= Holditch's theorem =

On the area enclosed by a point on a rigid chord rotating inside a convex closed curve

In plane geometry, Holditch's theorem states that if a chord of fixed length is allowed to rotate inside a convex closed curve, then the locus of a point on the chord a distance p from one end and a distance q from the other is a closed curve whose enclosed area is less than that of the original curve by $\pi pq$. The theorem was published in 1858 by Rev. Hamnet Holditch. While not mentioned by Holditch, the proof of the theorem requires an assumption that the chord be short enough that the traced locus is a simple closed curve.

==Observations==
The theorem is included as one of Clifford Pickover's 250 milestones in the history of mathematics. Some peculiarities of the theorem include that the area formula $\pi pq$ is independent of both the shape and the size of the original curve, and that the area formula is the same as for that of the area of an ellipse with semi-axes p and q. The theorem's author was a president of Caius College, Cambridge.

==Extensions==

Broman gives a more precise statement of the theorem, along with a generalization.
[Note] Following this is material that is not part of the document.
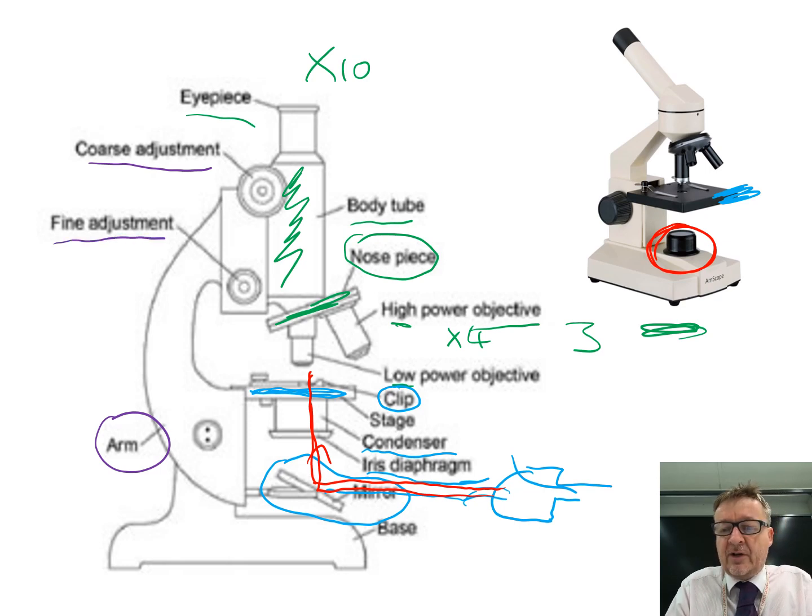Those two knobs are for focusing. You start with the coarse adjustment to get it approximately in focus, then go to the fine adjustment to get it absolutely focused to your own eyesight.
The generalization allows, for example, consideration of the case in which the outer curve is a triangle, so that the conditions of the precise statement of Holditch's theorem do not hold because the paths of the endpoints of the chord have retrograde portions (portions that retrace themselves) whenever an acute angle is traversed. Nevertheless, the generalization shows that if the chord is shorter than any of the triangle's altitudes, and is short enough that the traced locus is a simple curve, Holditch's formula for the in-between area is still correct (and remains so if the triangle is replaced by any convex polygon with a short enough chord). However, other cases result in different formulas.